Abstract

Introduction: This study sought to determine if TeleICU directed daily ventilator rounds led to improved adherence to low tidal volume(Vt) ventilation, reduced (APACHE IV adjusted) Ventilator Duration Ratio (VDR),ICU and hospital mortality ratio, and ICU LOS. Hypothesis: We hypothesized that TeleICU directed process improvement initiatives could improve outcomes across disparate practice.
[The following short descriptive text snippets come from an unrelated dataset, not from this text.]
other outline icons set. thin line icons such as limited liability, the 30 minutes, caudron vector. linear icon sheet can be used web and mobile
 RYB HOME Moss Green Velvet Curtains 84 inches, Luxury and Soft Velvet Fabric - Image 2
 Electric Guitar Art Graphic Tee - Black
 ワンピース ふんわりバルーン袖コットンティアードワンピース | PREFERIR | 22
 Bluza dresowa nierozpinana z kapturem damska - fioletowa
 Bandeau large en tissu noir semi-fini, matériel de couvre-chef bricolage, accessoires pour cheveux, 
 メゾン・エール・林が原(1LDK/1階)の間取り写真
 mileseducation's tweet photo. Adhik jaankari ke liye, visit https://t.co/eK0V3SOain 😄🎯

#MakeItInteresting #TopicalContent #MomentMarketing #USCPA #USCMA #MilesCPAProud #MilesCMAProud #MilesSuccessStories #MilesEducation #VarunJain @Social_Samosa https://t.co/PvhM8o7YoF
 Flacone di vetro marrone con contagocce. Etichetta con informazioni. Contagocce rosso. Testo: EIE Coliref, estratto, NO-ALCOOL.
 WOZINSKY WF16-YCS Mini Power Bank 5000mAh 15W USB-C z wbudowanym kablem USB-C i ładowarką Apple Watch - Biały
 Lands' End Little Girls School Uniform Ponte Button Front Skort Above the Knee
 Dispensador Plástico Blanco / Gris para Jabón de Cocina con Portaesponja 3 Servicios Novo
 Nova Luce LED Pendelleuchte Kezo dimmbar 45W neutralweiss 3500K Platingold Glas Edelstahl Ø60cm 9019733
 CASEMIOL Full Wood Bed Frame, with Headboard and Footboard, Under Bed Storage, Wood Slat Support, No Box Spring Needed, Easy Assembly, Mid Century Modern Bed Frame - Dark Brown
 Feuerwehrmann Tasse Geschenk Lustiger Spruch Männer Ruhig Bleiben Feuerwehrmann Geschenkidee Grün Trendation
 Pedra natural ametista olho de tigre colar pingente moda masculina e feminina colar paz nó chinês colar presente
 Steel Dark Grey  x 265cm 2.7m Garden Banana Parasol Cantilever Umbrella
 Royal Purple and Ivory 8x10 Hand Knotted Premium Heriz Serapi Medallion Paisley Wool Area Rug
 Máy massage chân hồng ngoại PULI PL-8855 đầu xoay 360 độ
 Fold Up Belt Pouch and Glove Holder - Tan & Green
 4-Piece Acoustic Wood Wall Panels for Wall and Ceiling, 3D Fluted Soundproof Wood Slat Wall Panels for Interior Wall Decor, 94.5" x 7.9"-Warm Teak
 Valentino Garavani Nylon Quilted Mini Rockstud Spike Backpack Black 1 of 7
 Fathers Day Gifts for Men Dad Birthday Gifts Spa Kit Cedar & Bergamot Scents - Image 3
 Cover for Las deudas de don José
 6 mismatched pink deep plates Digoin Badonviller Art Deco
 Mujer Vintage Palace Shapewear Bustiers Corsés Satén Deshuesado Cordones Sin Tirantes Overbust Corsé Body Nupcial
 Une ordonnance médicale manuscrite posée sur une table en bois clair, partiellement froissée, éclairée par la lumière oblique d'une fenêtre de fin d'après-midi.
Methods: Nine community hospital ICUs participating in TeleICU directed daily structured ventilator rounds were enrolled in this retrospective longitudinal quarterly analysis of adherence to low Vt strategy(<7.5ml/kg IBW for P/F<300), VDR, ICU and hospital mortality ratios, and ICU LOS. The independent TeleICU practice utilized Philips VISICU licensed eCare Manager(tm) platform, providing ICU care and process improvement. Data were extracted from the proprietary database. Ventilator rounds were led byTeleICU physicians using audiovisual links to patients, bedside RTs and RNs. Ventilator settings, ABG, CXR and liberation readiness parameters were pre-entered into an electronic spreadsheet by TeleICU CCRNs and NPs. Results: Prior to ventilator rounds implementation there was wide variation in hospital adherence to low Vt strategy [mean 26%; SD 18.4;range 13-69%]. Significant quarterly improvement was seen in all hospitals after implementation [32.6, 43.2 and 42% Q1,2,3; p<0.001 by two tail Fisher exact test]. VDR also showed pre-implementation variability [mean 1.16;SD 0.52; range 0.64-2.0] and showed improved trending throughout the study [quarterly VDR 0.89, 0.84 and 0.88; range 0.63-1.4; p=NS]. ICU mortality ratio demonstrated longitudinal improvement that reached significance after the second quarter post-implementation [0.94 pre- v. 0.8, 0.73 and 0.67 post-implementation; p<0.03 pre- v. Q2]. ICU LOS and hospital mortality ratio were not significantly changed. Conclusions: Variable practices among ICUs pose challenges to TeleICU led process improvement. Despite this, implementation of TeleICU ventilator rounds was associated with improved and durable adherence to low Vt strategies and significant reduction in mortality.